During W.W.II Baltra was established as a US Air Force Base. Crews stationed at Baltra patrolled the Pacific for enemy submarines, and protected the mouth of the Panama Canal. After the war the facilities were given to the government of Ecuador. Today the island continues as an official military base.
Until 1986, Baltra was the only airport serving the Galapagos. Now one of two airports, those passengers arriving on Tame will land here. Upon arrival Galapagos Park Fees (or the receipt of paid Park Fees) is collected at the Kiosk. Arriving visitors are the met by their naturalist-guide or other crewmember holding a sign with the name of the boat. A short bus ride from the airport is the harbor where the boats wait for passengers to begin their tours. Baltra does not have any visitor sites.
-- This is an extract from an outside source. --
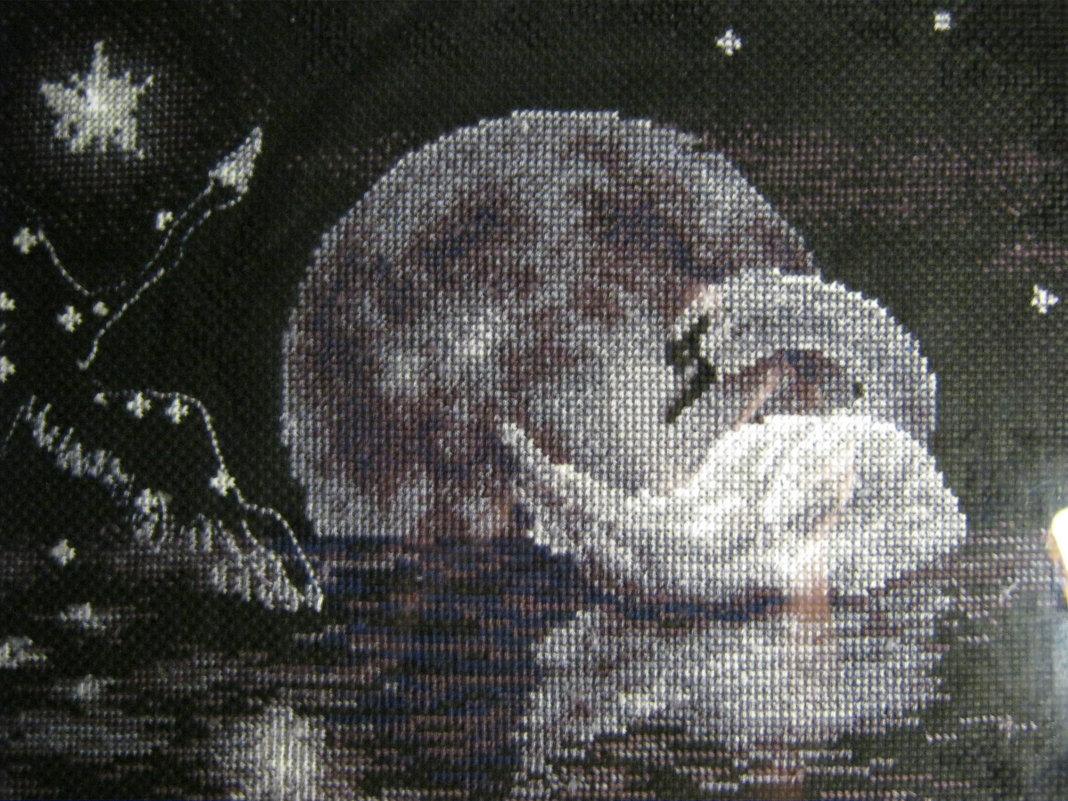 вышивка лебедь - Инга Егорцева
Land transfer services are available from Baltra to nearby Santa Cruz. Those visitors planning land based visit Staying on Santa Cruz board the bus departing the airport for the Itabaca Cannel (approximately a 10-minute ride). A ferry takes passengers and their belongings across the water to the CITTEG bus waiting at the other side. Then an hour-long bus ride crosses Santa Cruz, cutting through the highlands and passing many farms before finally reaching Puerto Ayora.
Baltra Land Iguana
In 1932-1933 scientists decided to move 70 of Baltra's Land Iguanas from Baltra to North Seymour as part of an experiment. This move would prove lucky for scientists. As shortly thereafter the military base was established, the Baltra Land Iguanas became extinct on their native island. In 1980 a couple of Iguanas from North Seymour were brought to the breeding center on Santa Cruz. Where the Iguanas bred, and in 1991 Iguanas were once again reintroduced to Baltra. As of 1997 scientists counted 97 iguanas living on Baltra, 13 of which were born on the island.